# Elite ambulance got raided?



## looker (Jul 27, 2015)

I am hearing that Elite ambulance got raided, anyone hear anything about it?


----------



## Mufasa556 (Jul 27, 2015)

Raided? I heard they are no more. Doors closed, shut down.


----------



## Al Lorris (Jul 28, 2015)

Yup. Raided, huge audit, owners fled, left EMTs hanging...


----------



## looker (Jul 28, 2015)

Al Lorris said:


> Yup. Raided, huge audit, owners fled, left EMTs hanging...


Interesting, so the company still working? They are still answering the phone and apparently still work?


----------



## looker (Jul 28, 2015)

Mufasa556 said:


> Raided? I heard they are no more. Doors closed, shut down.


I can tell you for sure that doors are not closed. The phone is being answered and they still performing work it sounded like when I asked for a quote today in the morning.


----------



## Al Lorris (Jul 29, 2015)

My brother lives a few blocks away from there (Venice and Arlington). I always pass by there. I haven't seen a single ambulance move since last week. I can take pictures, but I don't want to break an entry. Not worth my time. I also have a few old co-workers that used to work there that gave me the news. Maybe they're trying to operate on a low-pro like GCTI is doing with Phoenix? Not sure, but a possibility. Elite also has a wheelchair dept as well.


----------



## looker (Jul 29, 2015)

Al Lorris said:


> My brother lives a few blocks away from there (Venice and Arlington). I always pass by there. I haven't seen a single ambulance move since last week. I can take pictures, but I don't want to break an entry.
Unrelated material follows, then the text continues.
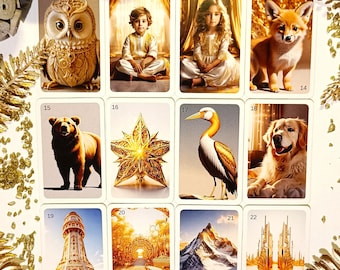 以下が含まれることがあります： 金色のアクセントと動物、人、物のイラストが描かれたタロットカード10枚セット。カードは12から22まで番号が付けられています。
Not worth my time. I also have a few old co-workers that used to work there that gave me the news. Maybe they're trying to operate on a low-pro like GCTI is doing with Phoenix? Not sure, but a possibility. Elite also has a wheelchair dept as well.



I wonder if they would call in backup provider if i really needed the transport. As for their wheelchair department, it's actually separate company which technically owned by someone else and is run by someone else. As for GCTI, i seen their own rigs as well.


----------



## ffemt8978 (Jul 29, 2015)

Unless you have a good, confirmable source for the claim, it is purely speculating at this point.


----------



## Acej10 (Aug 5, 2015)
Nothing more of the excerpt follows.